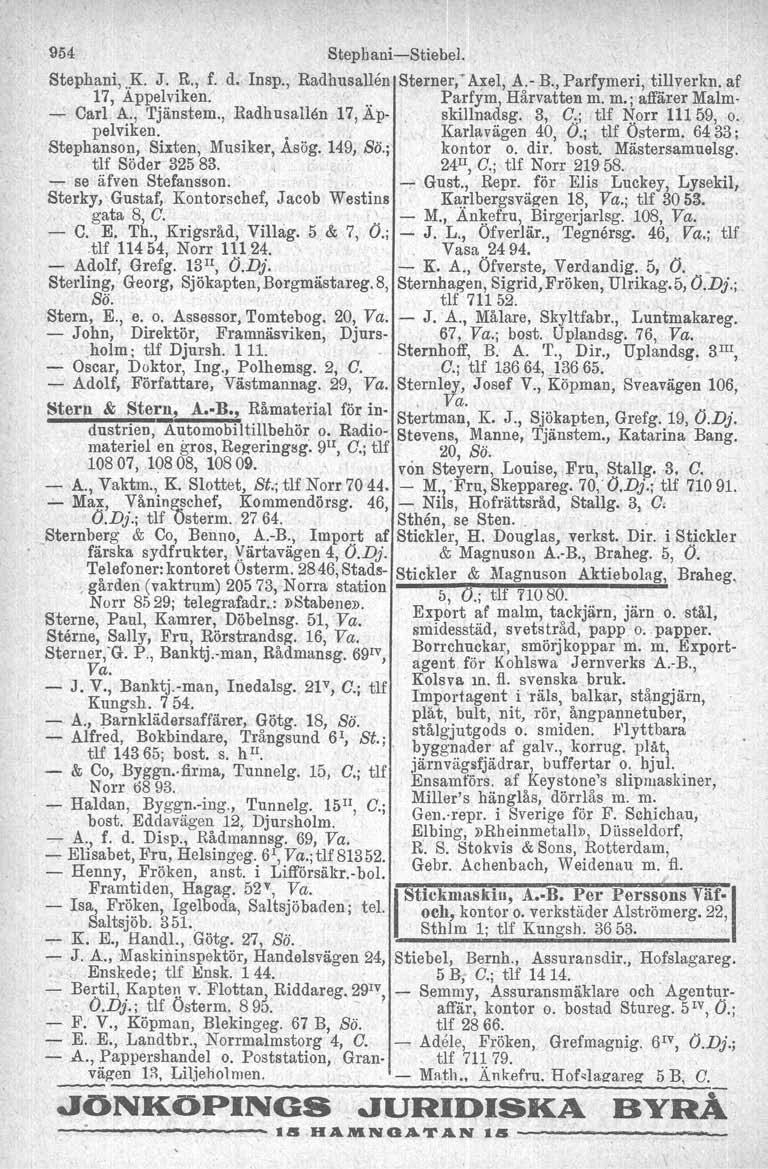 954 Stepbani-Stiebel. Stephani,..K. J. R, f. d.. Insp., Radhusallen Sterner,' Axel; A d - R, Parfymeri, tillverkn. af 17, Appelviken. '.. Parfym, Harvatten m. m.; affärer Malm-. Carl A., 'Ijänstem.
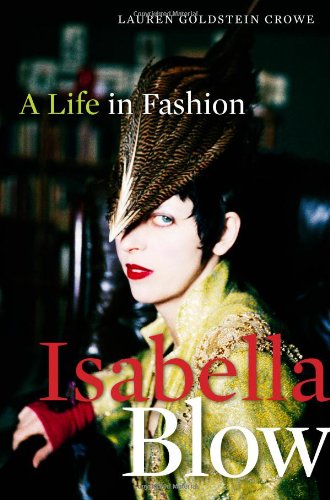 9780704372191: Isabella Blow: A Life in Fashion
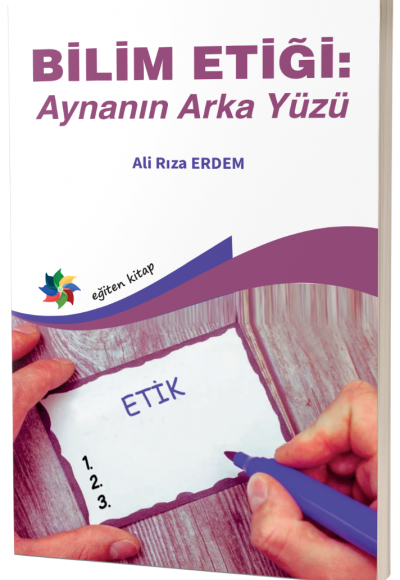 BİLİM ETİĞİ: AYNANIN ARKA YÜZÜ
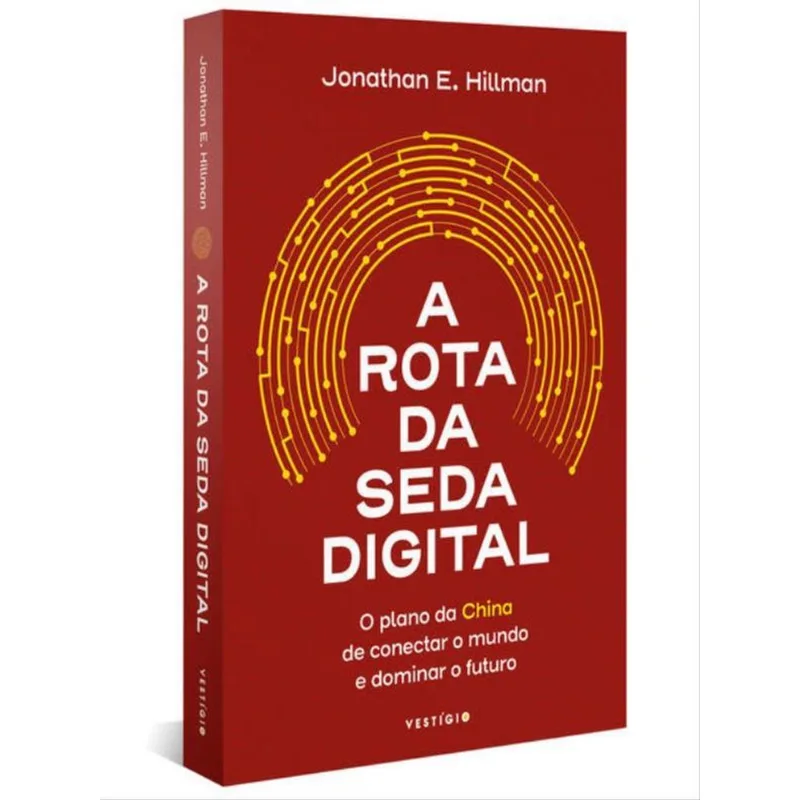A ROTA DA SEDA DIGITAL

=-=-=-=-=

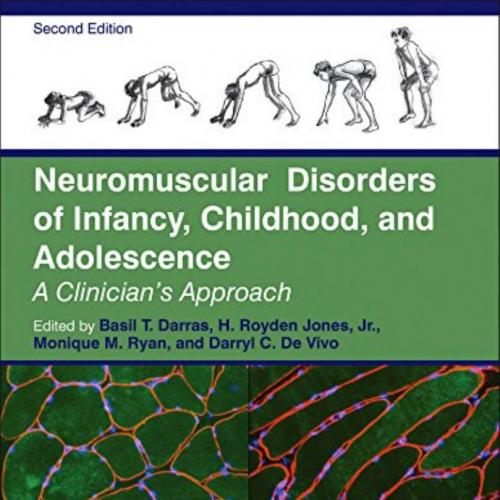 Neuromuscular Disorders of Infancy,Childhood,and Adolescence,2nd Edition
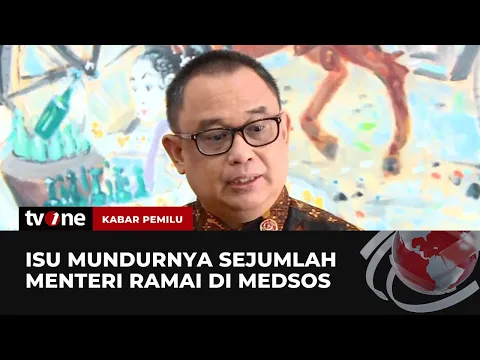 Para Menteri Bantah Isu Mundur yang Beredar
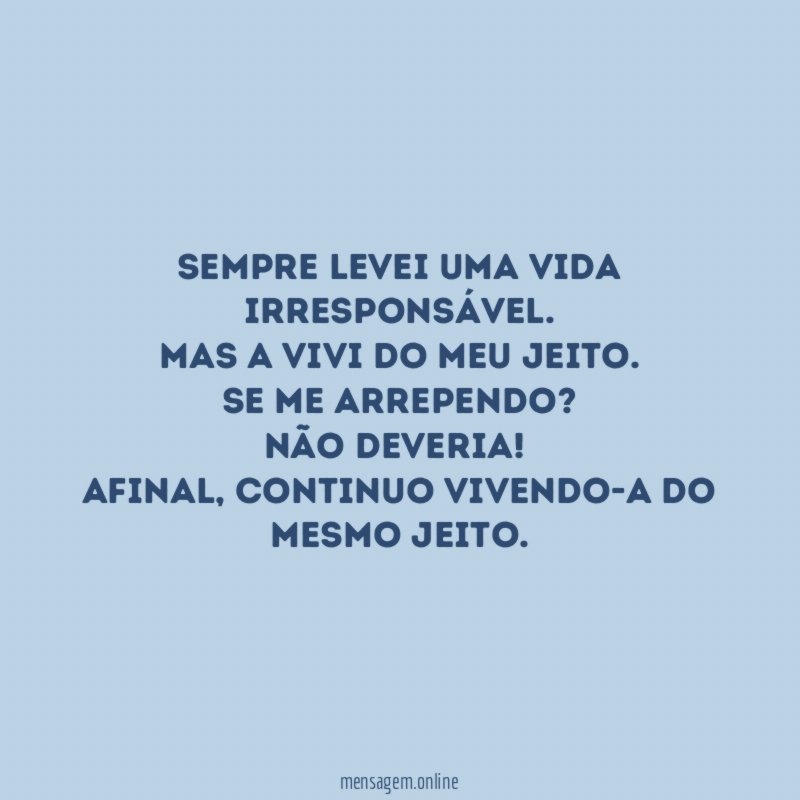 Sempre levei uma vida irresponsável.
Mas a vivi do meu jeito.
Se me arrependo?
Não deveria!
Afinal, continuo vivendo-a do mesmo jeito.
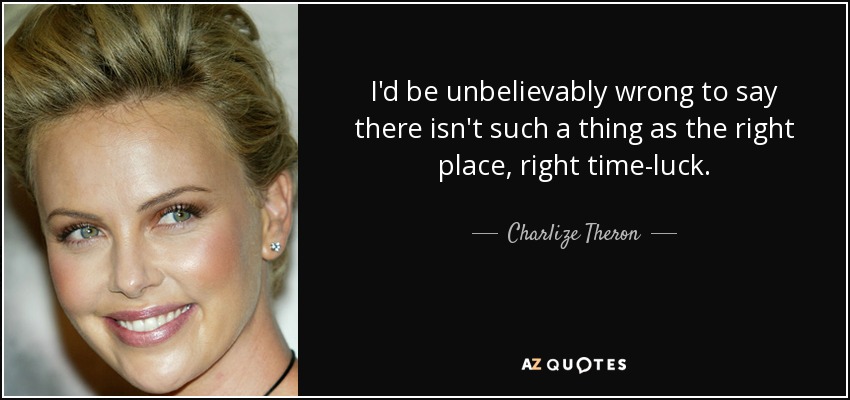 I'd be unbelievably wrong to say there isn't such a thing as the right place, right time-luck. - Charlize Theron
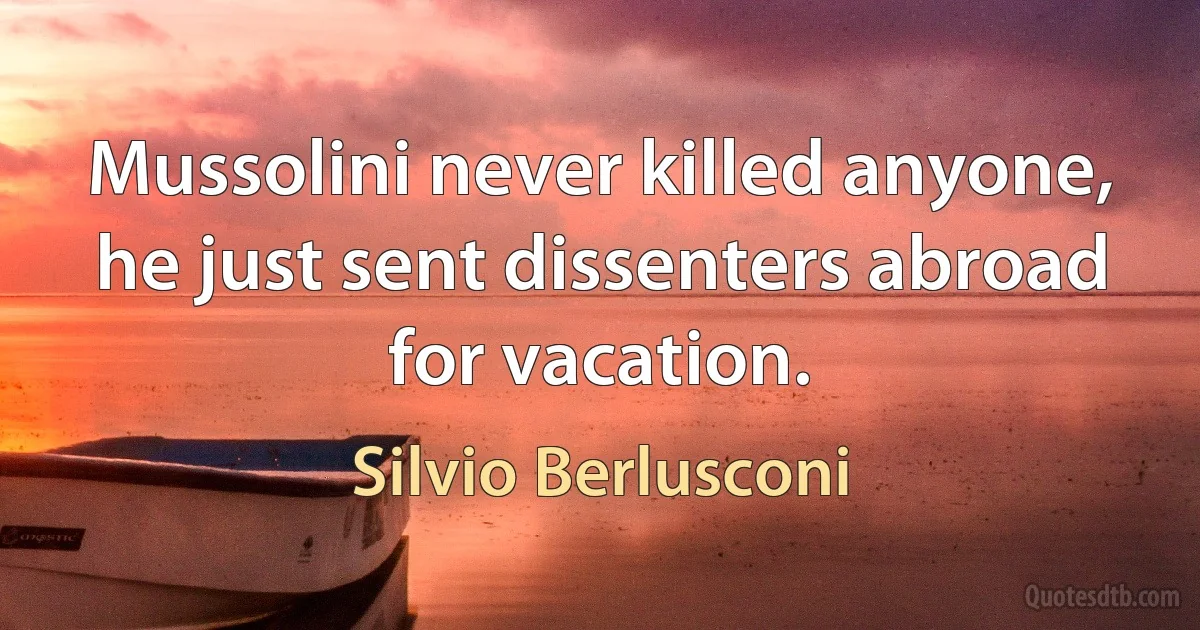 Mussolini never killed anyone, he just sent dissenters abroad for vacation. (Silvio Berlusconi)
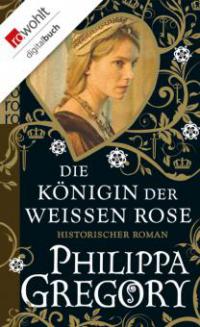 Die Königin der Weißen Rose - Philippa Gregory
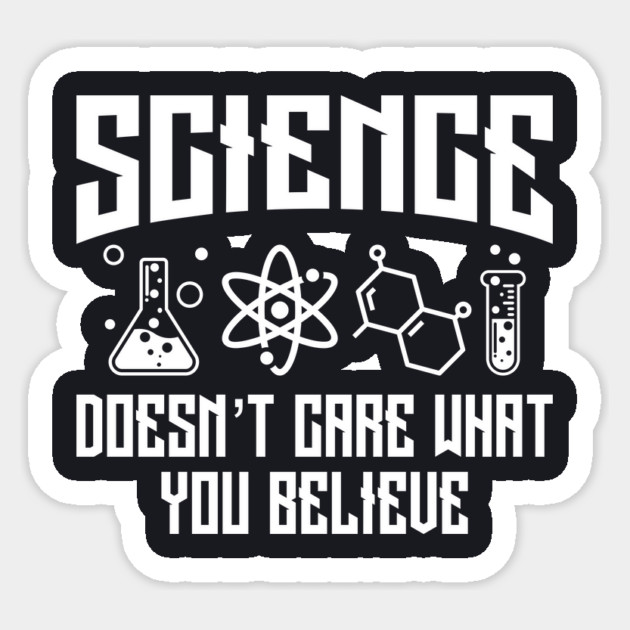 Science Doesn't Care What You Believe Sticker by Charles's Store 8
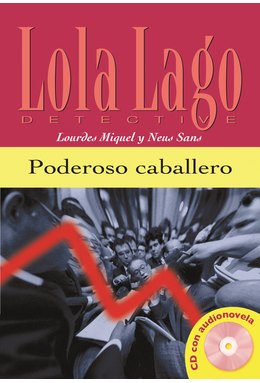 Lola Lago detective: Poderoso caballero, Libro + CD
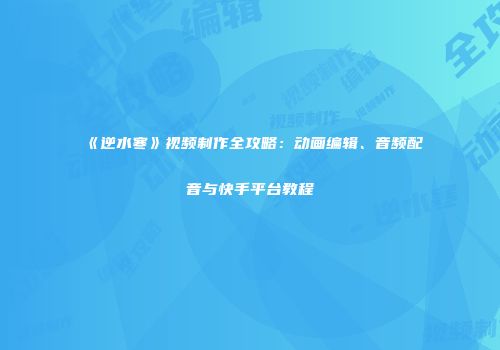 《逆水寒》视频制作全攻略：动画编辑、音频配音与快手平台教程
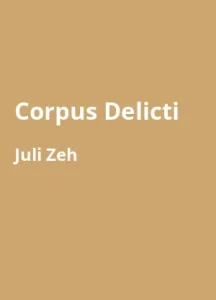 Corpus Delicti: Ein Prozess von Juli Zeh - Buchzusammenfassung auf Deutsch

=-=-=-=-=

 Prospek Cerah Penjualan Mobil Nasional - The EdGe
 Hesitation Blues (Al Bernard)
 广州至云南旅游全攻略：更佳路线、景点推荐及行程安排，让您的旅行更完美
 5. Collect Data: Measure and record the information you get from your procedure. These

=-=-=-=-=

About this task:
Report how many lines of the entries hold the string "jeito". Provide the number alone.

Solution:
2